Modern enterprises are embracing the cloud model to take advantage of shared infrastructure in private data centers. This also helps them realize the significant benefits offered by public cloud services for flexibility, total cost of ownership (TCO), and infrastructure scalability.

Customers expect their confidential data to be protected in the cloud as they migrate mission-critical applications to public cloud services. Cloud customers who own the workloads and data have a basic need to protect their data across public and private cloud services, but traditional security controls no longer apply. New solutions must address privacy, regulatory, and left-behind (residual) data requirements. Whether the workloads are packaged as virtual machines (VM) or containers, they have to be protected at rest, in-transit, and while the workloads are running and data is in use.

Data at rest in local or network-attached storage needs to be protected using strong encryption protocols. This is a universal practice in the cloud and for the enterprise. Similarly, data in transit is commonly encrypted using SSL/TLS/HTTPS protocols. However, when the CPU processes the same data, it is in the memory and is not protected using cryptography. Memory contains high-value assets such as storage encryption keys, session keys for communication protocols, or personally identifiable information and credentials. So, it is critical that data in memory has comparable protection to data at rest in storage devices. It is not enough to encrypt memory content; encrypting content on the memory bus is equally important. The encryption has to be general purpose, flexible, supported in hardware with limited impact on applications and workloads, and not a lot of work to enable the operating system or hypervisor.

Intel has introduced Intel® Total Memory Encryption - Multi-Key (Intel® TME-MK), a new memory encryption technology, on 3rd generation Intel® Xeon® Scalable processors (formerly code named Ice Lake). This technology addresses data protection needs by encrypting memory content at runtime using the National Institute of Standards and Technology (NIST) AES-XTS1 algorithms. This article describes the design goals, provides a technical overview of the technology, and then reviews a performance analysis based on an implementation with Microsoft Azure*.

Intel introduced Intel® Total Memory Encryption (Intel® TME) and Intel TME-MK2 to address runtime data protection needs for all platform memory via the ability to encrypt the memory while it's running or is in use.

Design Goals and Objectives

  1. Build on the security controls that are already implemented in data centers: hardware root of trust, attestation, measured boot, secure boot, and more.3,4
  2. Support for DRAM, and in the future, extensible to non-volatile RAM (NVRAM).
  3. Support for CPU-generated encryption keys or tenant-provided encryption keys, giving full flexibility to customers.
  4. Trust privileged code, like the hypervisor, that has been honed from security perspective.
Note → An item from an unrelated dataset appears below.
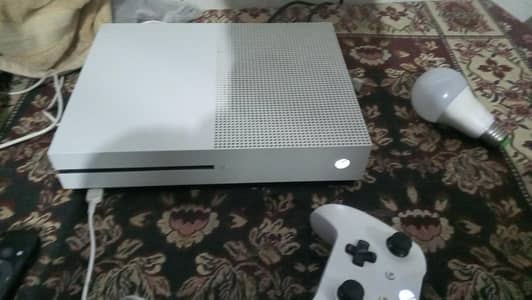 Xbox one s 500 gb with one wireless original controller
Provide the hypervisor with flexibility on use of memory encryption keys for VM encryption or container encryption.
  5. No modifications are made to guest VMs. This provides the ability to lift and shift customer workloads to use Intel TME-MK seamlessly. No application refactoring is needed either.
  6. Bypass encryption for certain VMs, containers, or workloads if needed by cloud service providers (CSP) or customers.
  7. Minimal performance impact to applications and workloads.

Technical Overview

Intel TME encrypts the entire physical memory of a system with a single encryption key. It addresses concerns with cold boot and physical attacks on the memory subsystem. This capability is enabled in the early stages of a BIOS boot process. Once Intel TME is configured and locked, it encrypts all the data on external memory buses of a system-on-a-chip (SOC) using an NIST-standard AES-XTS algorithm with 128-bit keys. The encryption key used for Intel TME uses a hardware random number generator implemented in an Intel® SOC. The keys are inaccessible through the software or by using external interfaces to an Intel SOC. Intel TME capability does not require any operating system or system-software enabling.
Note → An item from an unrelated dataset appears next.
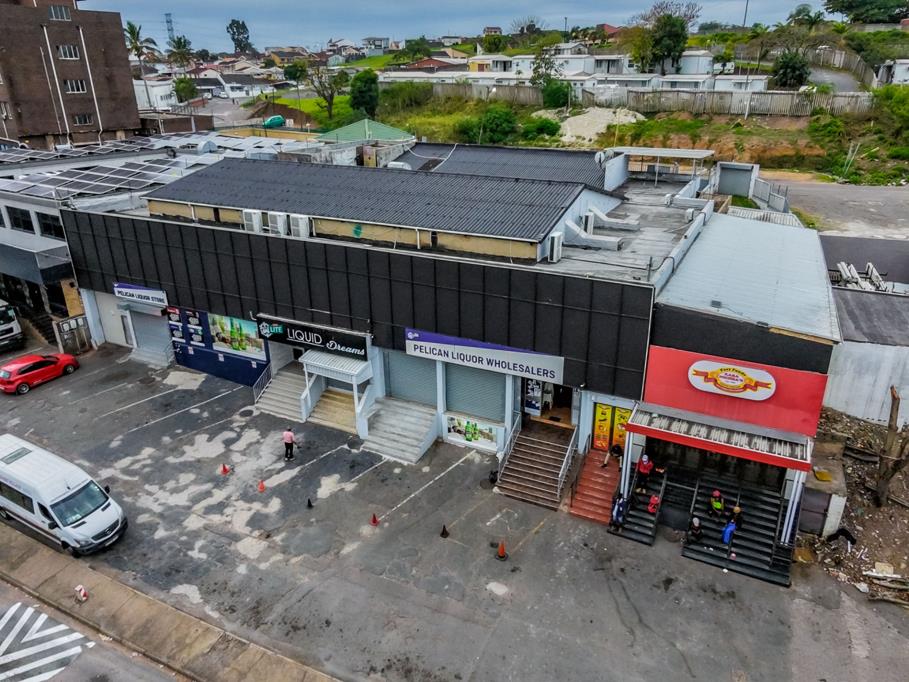 1 616 m² Retail Space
Intel TME-MK technology is built on top of Intel TME. It enables the use of multiple encryption keys, allowing selection of one encryption key per memory page using the processor page tables. Encryption keys are programmed into each memory controller. The same set of keys is available to all entities on the system with access to that memory (all cores, direct memory access [DMA] engines, and more). Intel TME-MK inherits many of the mitigations against hardware attacks from Intel TME. Like Intel TME, Intel TME-MK does not mitigate vulnerable or malicious operating systems, or virtual machine managers (VMM). Intel TME-MK offers more mitigations than Intel TME. Intel TME and Intel TME-MK use the AES encryption algorithm in the AES-XTS mode. This mode, usually used for block-based storage devices, takes the physical address of the data into account when encrypting each block. This ensures that the effective key is different for each block of memory. Moving encrypted content across a physical address results in garbage data on read, mitigating block-relocation attacks. This property is the reason many of the discussed attacks require control of a shared physical page to be handed from the victim to the attacker.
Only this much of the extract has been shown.